## Collected data
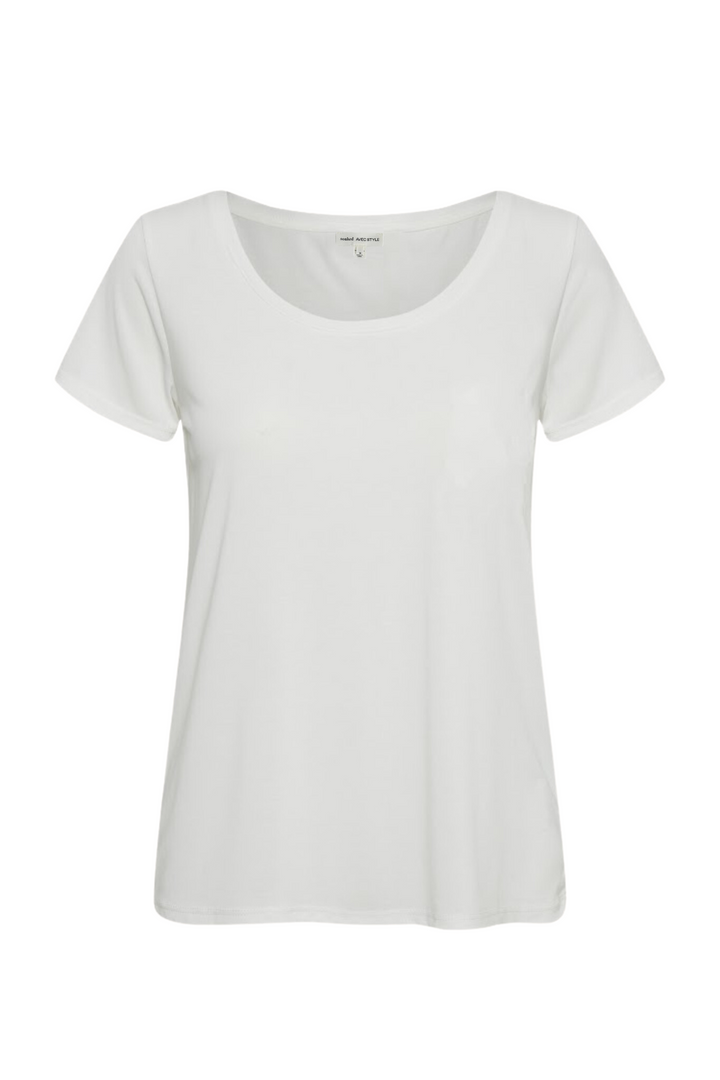 T-shirt Essentiel de base - Exclusivité Avec Style - BLANC ❤️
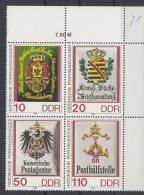 MiNr. 3306 - 3309 Deutschland Deutsche Demokratische Republik    1990, 6. Febr. Tag Der Werktätigen - 1981-1990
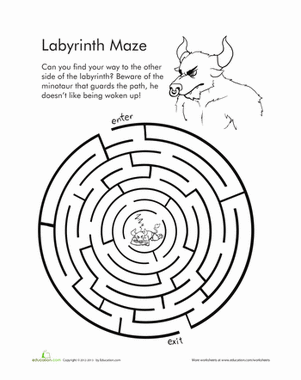 Greek Mythology Maze | Worksheet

## Work order
From the first line to the last, write out the data above exactly. Omit the pictures.

## Written response
 T-shirt Essentiel de base - Exclusivité Avec Style - BLANC ❤️
 MiNr. 3306 - 3309 Deutschland Deutsche Demokratische Republik    1990, 6. Febr. Tag Der Werktätigen - 1981-1990
 Greek Mythology Maze | Worksheet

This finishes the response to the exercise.